Make sure your payments are made on time each month. This is critical. Set up payment reminders or set up automatic payments from your checking account.
Do not take on any more credit obligations, unless absolutely necessary.
Check your credit report and make sure the information is accurate. You are looking to make sure that you do not have any late payments listed incorrectly, and that the balances of your accounts are correct. If you find errors, make sure you dispute them with the credit agencies.
Reduce the amount of debt you owe. Commit to paying down your credit obligations as quickly as you can. Make extra payments when you can. Consider using any bonus you receive, or even your tax return to pay down debt.
Want more information about improving your credit score? Check out this short video courtesy of KIMT News 3 featuring our Byron Branch Manager, Barb!
We all know that life happens. Divorce, health issues, emergencies, one or a combination of any life event can adversely impact your credit score. It's important to understand that credit scores don't change overnight, but taking the following steps will definitely help you rebuild your credit.
Late payments, even if they are only a couple days late, and collections of any kind can have a seriously negative impact on your credit score. Paying all of your bills on time, every time is one of the best ways to improve your credit score.
If you have missed payments, even one or two, it's important to make sure you get your accounts current and make sure they stay current. If you find yourself struggling every month to keep up with your bills, it's important that you reach out to your creditors right away. In many cases, they can help you restructure your debts, maybe give you a month or two of breathing room between payments, and help you get set up on a budget.
The amount of credit used on your credit card lines can negatively impact your credit score. Having balances greater than 50% of your credit limits can negatively impact your credit score. It's important to either keep your balances low compared to your credit limits, or ideally, pay your balance off in full each month, which will help increase your credit score.
Another option that may help is debt consolidation. With debt consolidation, you take all of your credit card balances and combine them into one loan, with one interest rate and one monthly payment. This can definitely help you manage paying off debt and can even give your credit score a boost in some instances.
I know its appealing to get a discount when you apply for a store credit card. Especially when they offer discounts like 25% off. The thing is with store cards, is that the limits are usually low and the interest rates are pretty high. Having multiple credit cards with balances can negatively impact your credit.

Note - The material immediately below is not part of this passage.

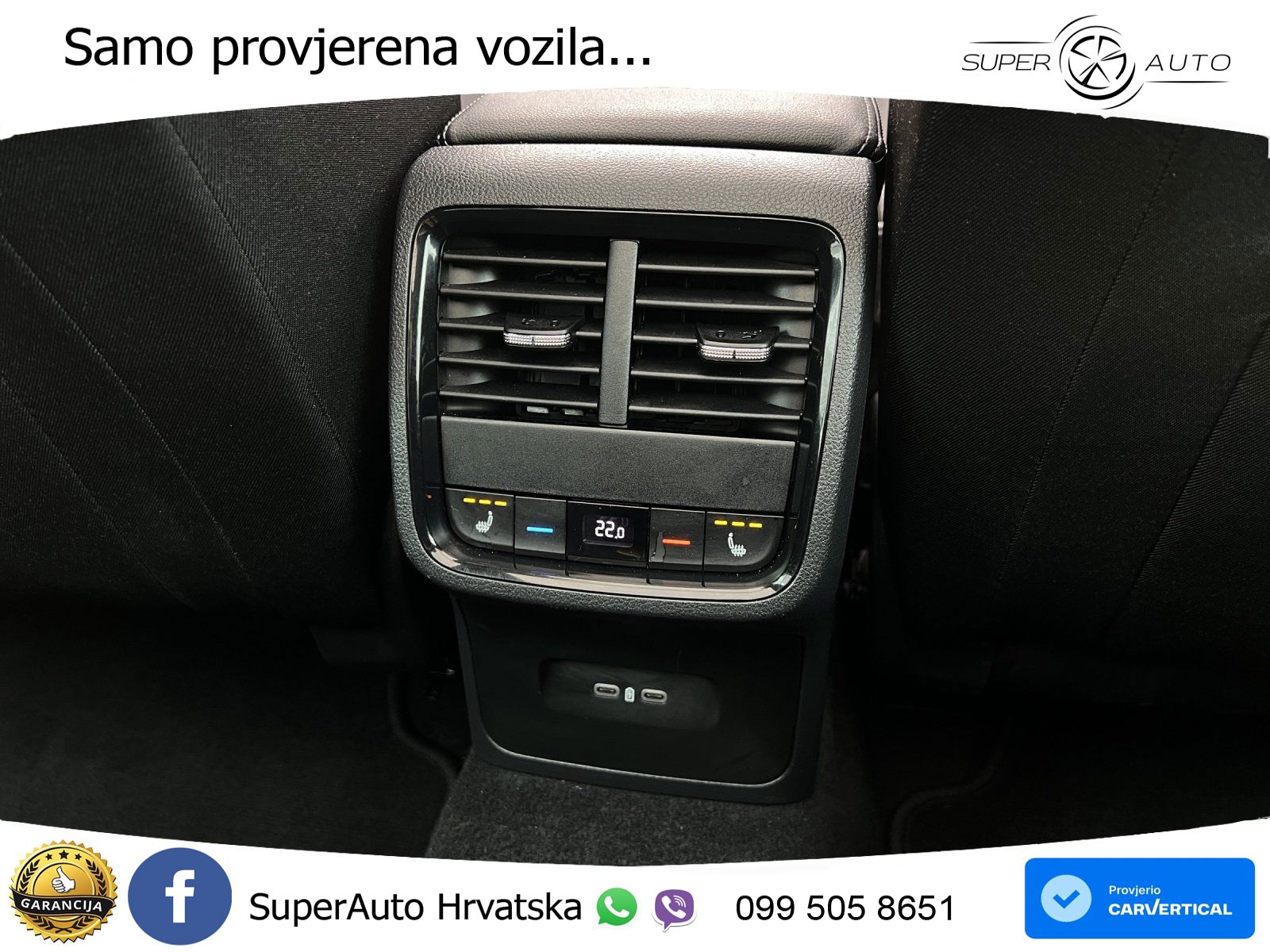 Škoda Octavia Combi 2.0 TDI (150 KS) 4x4 DSG SportLine LED+GR SJED+ACC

Credit cards are not all bad. If you are keeping your balance to credit card limit below 50%, and making your payments on-time each month, then you will have a higher credit score. The same can be said for installment loans, like auto loans and mortgages, where you are making a fixed monthly payment on time each month.
Often people think that if they close credit cards they aren't using it will help boost their credit score. In fact, the opposite can happen. A part of your credit score is the longevity of accounts and the longer your credit history, the more positive it is for your credit score.
When you're trying to establish a credit score it's important that you don't move too fast, accumulating too much credit too quickly. It's not necessary to open a bunch of credit cards to start building a credit score. In reality, it's best to get one credit card and practice with it.
Remember, Rome wasn't built in a day and credit isn't built or repaired in a day. It takes patience, time and persistence. Commit to your plan for rebuilding your credit score and stick with it. You will most definitely see results and your financial future will be brighter.